RetryTestSuite::run() runs each attempt with event collection active. When the attempt's status is failure or error and attempts remain, the collected events are discarded and a single Test\AttemptFailed or Test\AttemptErrored event is emitted in their place. Any other outcome, the last attempt, and a requested stop end the loop: the deciding attempt's events are forwarded unchanged, with their original telemetry. Because a tolerated attempt has no public test lifecycle, the test counts as exactly one test in planned and actual totals, and loggers such as JUnit XML and TeamCity report only the deciding attempt without needing to know about retries. Attempts of a test that uses process isolation work the same way: the events the child process sends back are collected, and the status transferred from the child process is used to decide whether to retry.

The eligibility rules and warnings match those of #[Repeat]: only test methods with a void return type declaration and without dependencies are retried. Combining #[Retry] with #[Repeat] triggers a test runner warning and ignores #[Retry]; #[Retry] takes precedence over --repeat. Only failure and error trigger a retry, a skipped or incomplete attempt ends the loop. A test suite for a retried test method is represented by the new TestSuiteForRetriedTestMethod event value object, the test suite sorter treats a RetryTestSuite as an atomic unit, and the result collector leaves PassedTests registration to the passing attempt itself or, for data sets, to the enclosing data provider test suite.
Tolerating a flaky test must not hide it: a test that only passes after retrying should be visible in every test run, so that its flakiness can be tracked and eventually fixed instead of being institutionalized.

The result collector subscribes to the Test\AttemptFailed and Test\AttemptErrored events and counts the failed attempts per test, keyed by class name, method name, and data set.

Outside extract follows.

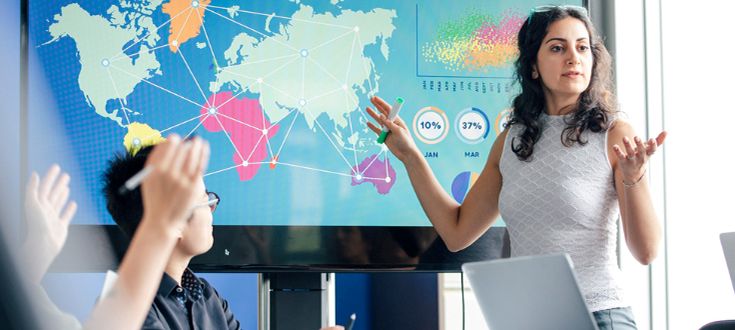 A supply chain management professional giving a presentation in front of a world map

When the test ultimately fails, its entry is removed again, as the failure itself is already reported together with the number of its final attempt. The remaining entries, the tests whose failed attempts were tolerated, are carried on the TestResult value object, and the default result printer always lists them:

    There was 1 retried test:

    1) ExampleTest::testOne
    2 failed attempts

The run's result is not affected: a test suite whose retried tests all ultimately passed remains "OK".